Teresa Wiles and her son Major Josh Wiles, and his daughter Mackenzie visit a house Teresa and Josh lived in from 1990 to 1992 in Fort Leavenworth, Kansas. Between 2014 to 2015, Josh himself was stationed at the base with his wife Amber, who also lived in Fort Leavenworth as a child since her father served in the Army.
LEFT: Teo draws close to John, who wears a hearing aid, in 2021, in Fort Leavenworth, Kansas. Service members are at greater risk than civilians of hearing loss due to repeated exposures to high intensity noise such as small arms fire, artillery fire, and explosions from training exercises and deployments.
RIGHT: Mila touches the scar on John's shoulder from being shot while on a 15-month deployment.
LEFT: Military spouse Dana Abella opens the blinds as her son, Nathan Abella, plays for the last time in their home in Fort Leavenworth, Kansas. Each move means making a new set of friends for both parents and kids.
RIGHT: Soldiers at Fort Irwin practice conducting a clearing operation in an urban environment. Fort Irwin is the National Training Center for U.S. Army units before they deploy.
(Photograph by my husband, John Principe)
LEFT: Moving trucks and U-Hauls line the streets of Fort Leavenworth, Kansas.
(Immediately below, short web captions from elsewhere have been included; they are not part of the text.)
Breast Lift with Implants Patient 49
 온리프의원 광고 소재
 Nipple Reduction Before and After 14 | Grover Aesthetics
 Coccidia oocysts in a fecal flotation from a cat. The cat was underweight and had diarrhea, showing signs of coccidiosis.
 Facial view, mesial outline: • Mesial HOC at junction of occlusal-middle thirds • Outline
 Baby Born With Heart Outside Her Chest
Within a few weeks, everyone on this block had moved to a new duty station.
RIGHT: Teo and Mila are now old enough to realize when they have to leave their friends, or if their friends are moving away. Here, our neighbor, Alexandria, waves goodbye to her friends as her family drives away to a new duty station.
LEFT: Jiyeong Laue and her daughter, Serenity, pose in their backyard in Fort Irwin, California. Meeting other military spouses made me realize how much the war affected the families of service members.
RIGHT: Armored personnel carriers protect a tactical planning, command and control post at the National Training Center in Fort Irwin, California. Moving from a vibrant arts community to a super militarized environment was a shock for me.